- _EXERCISE OBJECTIVE_: When you reach the line containing "Volcom chiffon shirt", begin reproducing the material exactly, stop after the line containing "Aitmexcn Washable Puppy", and leave out any pictures along the way.

- _DATASET_:
——————————

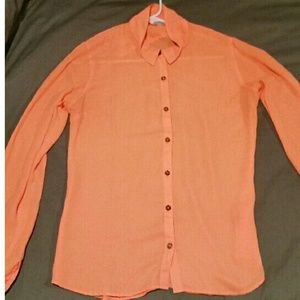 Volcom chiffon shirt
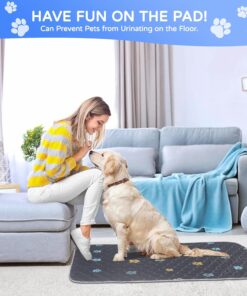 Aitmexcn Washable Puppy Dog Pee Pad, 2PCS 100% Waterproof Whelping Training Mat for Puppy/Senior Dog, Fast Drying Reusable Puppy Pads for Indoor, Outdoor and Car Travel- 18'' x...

——————————

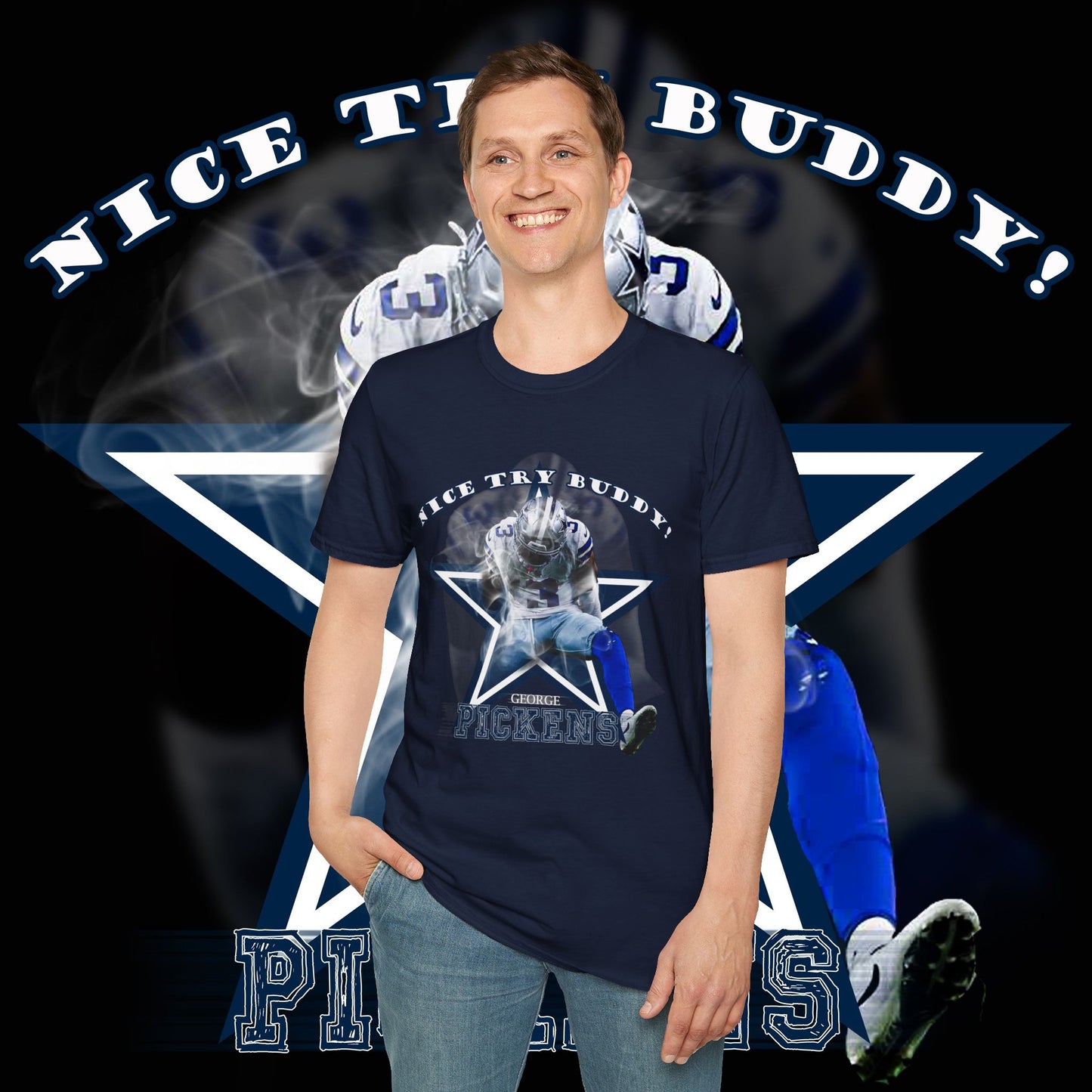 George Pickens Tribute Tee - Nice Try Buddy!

——————————

- _EXERCISE ANSWER_:
 Volcom chiffon shirt
 Aitmexcn Washable Puppy Dog Pee Pad, 2PCS 100% Waterproof Whelping Training Mat for Puppy/Senior Dog, Fast Drying Reusable Puppy Pads for Indoor, Outdoor and Car Travel- 18'' x...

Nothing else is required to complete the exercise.